Using HTML is fairly simple; therefore it is popular (Chowdhury, 2008). Unlike other computer languages, HTML is in plain English and does not require users to have an in-depth knowledge of programming. Unlike more complex technologies for representing information, such as using SQL to create databases, HTML offers users an easy method to display and share digital information.

Another reason that HTML can be very useful for information professionals is that it allows metadata tags (or meta tags) to improve the experience for a user without them even being aware of it. For example, adding keywords to a webpage describes the page’s content. Using meta tags effectively can offer powerful navigation and improve information retrieval (Rosenfeld & Morville, 2002).

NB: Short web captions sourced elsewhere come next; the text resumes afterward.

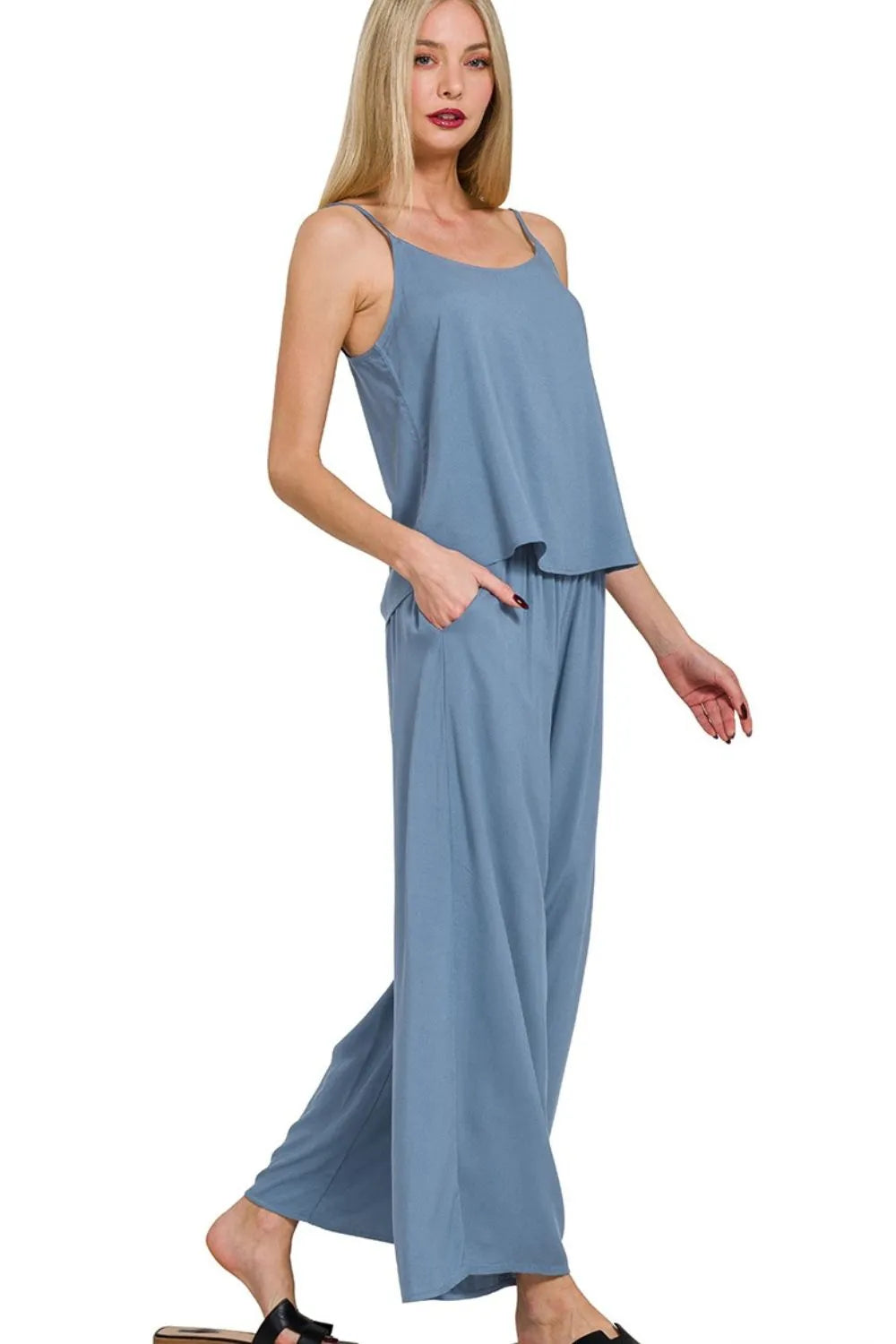 https://cdn.shopify.com/s/files/1/0605/3992/8747/files/4ea16905-c2b3-4a4d-acb2-787514c3f80a-Max-Origin.webp?v=1750134374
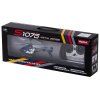 RC Vrtulník SYMA S107G modrý 10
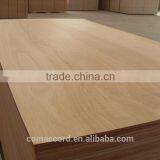 Poplar Plywood /pencil Cedar Veneer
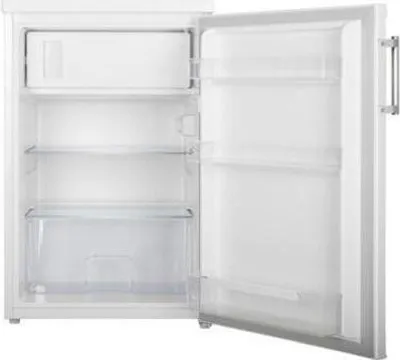 Produktbild von Severin TKS 8846, 120 l, Freistehend, D, 39 dB, N-ST, 2 kg/24h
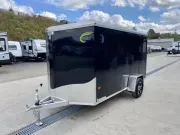 new Cargo (Enclosed) Trailers NEO Trailers  for sale, in Carlisle, PA Thumbnail 8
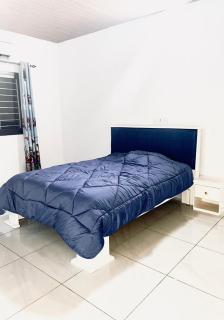 Residence DOU - 1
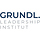 Grundl Leadership Institut GmbH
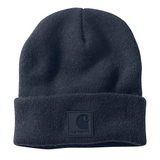 Chapeau Acrylique Carhartt A18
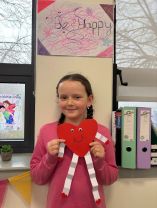 Happy Valentines Day! 💟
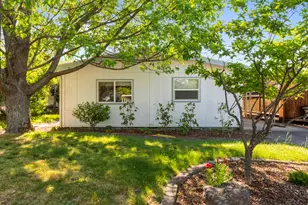 215 Tolman Creek Rd, Ashland, OR 97520 - Photo 3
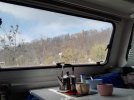 IMG_20210403_105324.jpg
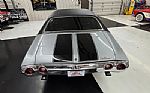 1972 Chevelle Custom Thumbnail 11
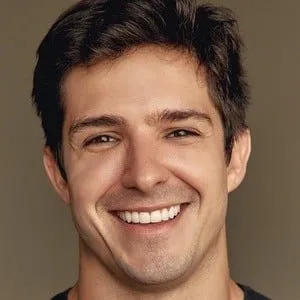 Igor Cosso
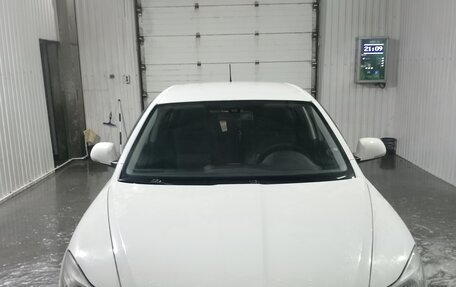 Skoda Octavia, 2013 год, 660 000 рублей, 4 фотография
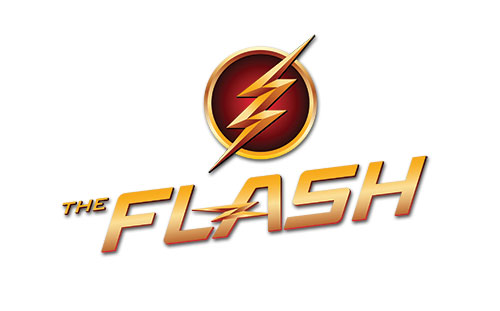 Deluxe Flash Costume - Justice League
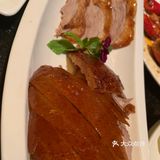 个人认为这是近几年来吃过北京最好的餐厅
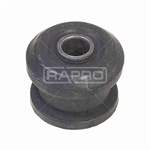 RAPRO 353282 353283 353561 353282 353283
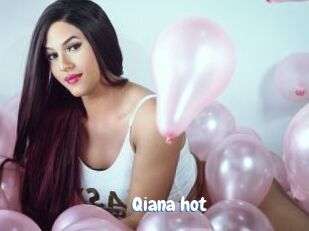 Qiana_hot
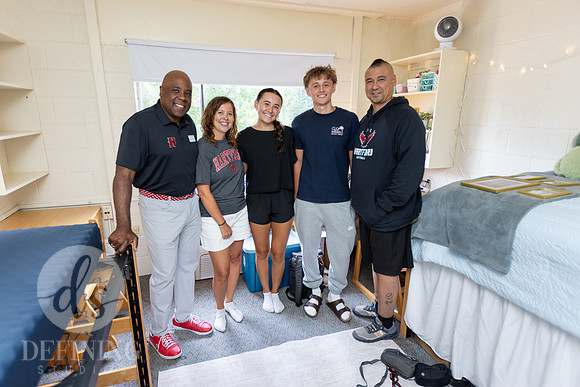 Move-In Day 1_263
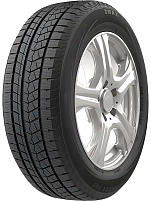 ICEPIONEER 868 Шина ZMAX ICEPIONEER 868 215/50 R17 95H 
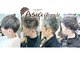 ヘアリゾート アジアグランデ(Hair Resort Asia grande)の写真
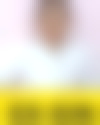 maid photo of HNIN NU WAI, MDTH885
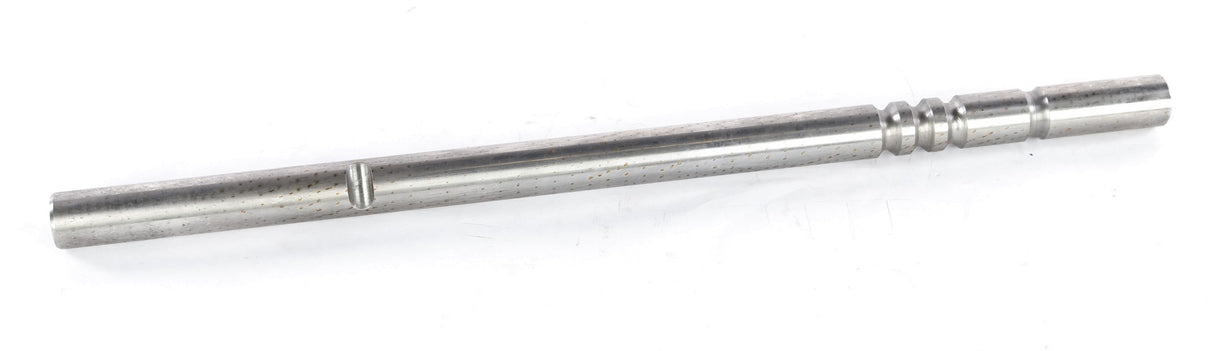 FABCO - 498-40-3 - SHAFT - SHIFT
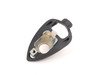 ES#2178023 - 51217292571 - ATTACHMENT CAP, LEFT - Genuine BMW - BMW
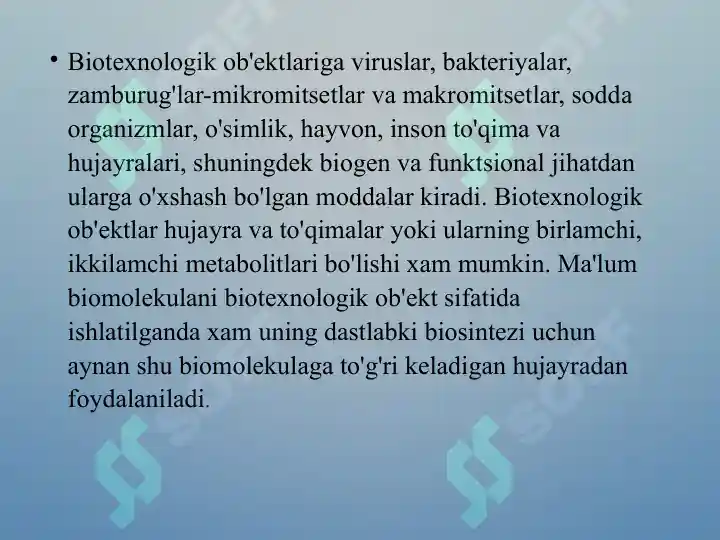 Product slide 6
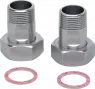 E40205 IFM electronic Accessories for Sensors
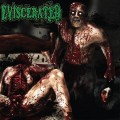 Buy Eviscerated - Eviscerated Mp3 Download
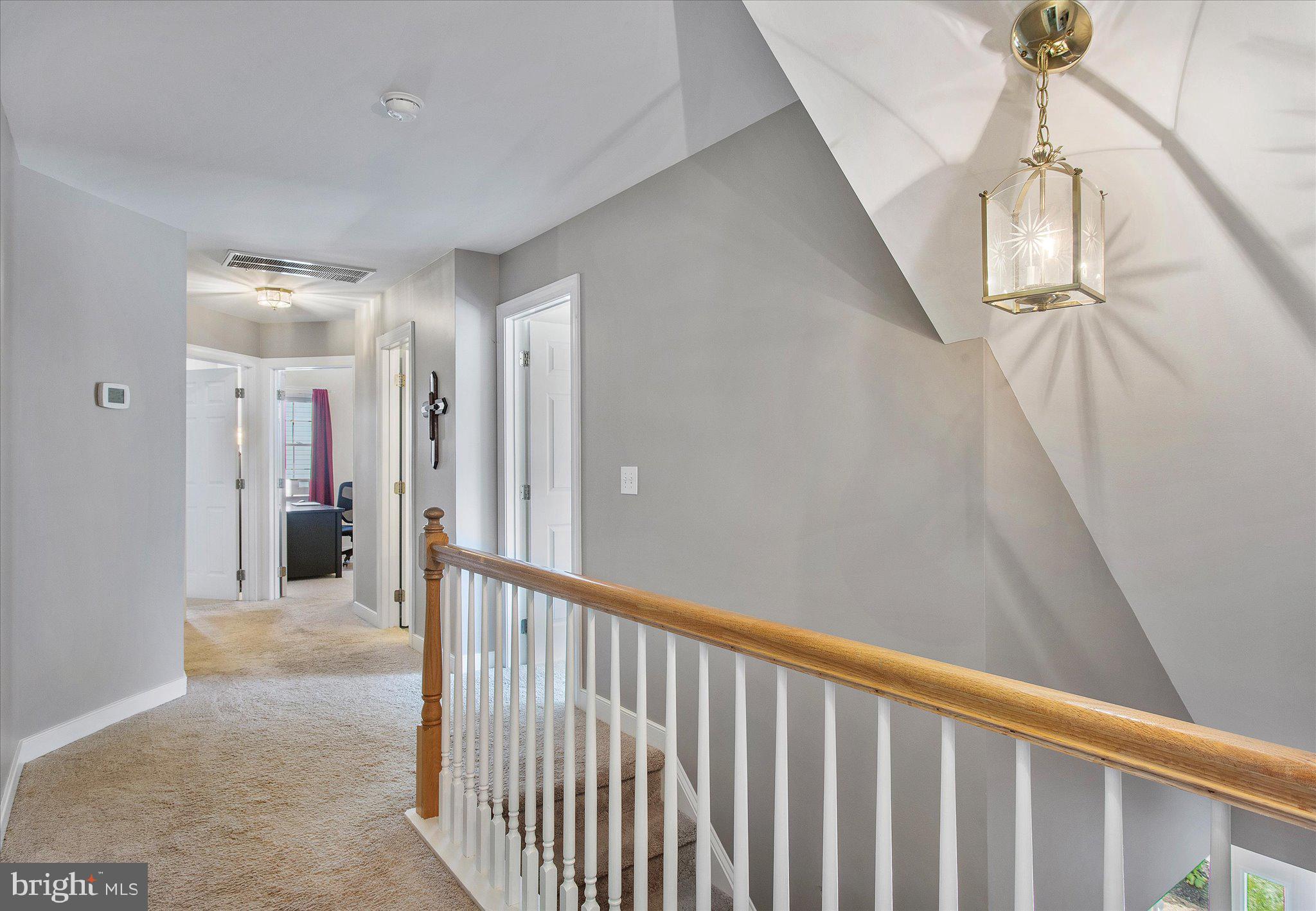 DEER VALLEY - Residential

However, there are also limitations to the Web and HTML. In Web 1.0, HTML was not a multi-lingual language. Many languages use scripts which cannot be represented in standard HTML, because it is ‘based on a very limited coded character set.’ (Yergeau, no date) So for example, the Omniglot webpage uses images to demonstrate Sanskrit writing, which means that users cannot copy and paste characters, or interact with them as easily as with Latin languages.

Additionally, while HTML was originally compiled of elements for describing the structure of information, such as paragraphs, hyperlinks and headings, it evolved to include presentational tags, including fonts, colours and tables. This has been attributed to the introduction of Mosaic (Meyer, 2000). Presentational tags made HTML coding confusing and untidy, and caused interoperability problems (Chowdhury, 2008). This disadvantage of HTML has been recognised, and the World Wide Web Consortium (W3C) introduced a recommendation called CSS. CSS stands for Cascading Style Sheets, and offers rich styling of web documents (Meyer, 2000). This removes the need for tags like <B> (for making text bold). The use of CSS created another opportunity, as HTML can return to its original purpose, which was as a structural language, and the presentational aspect of webpages can be addressed by using CSS. This is useful for information professionals, as it helps to separate out the design aspect. For example, it adds stronger argument that searching is an information specialist area rather than an IT or web design area, as the emphasis is on the structure and content of pages.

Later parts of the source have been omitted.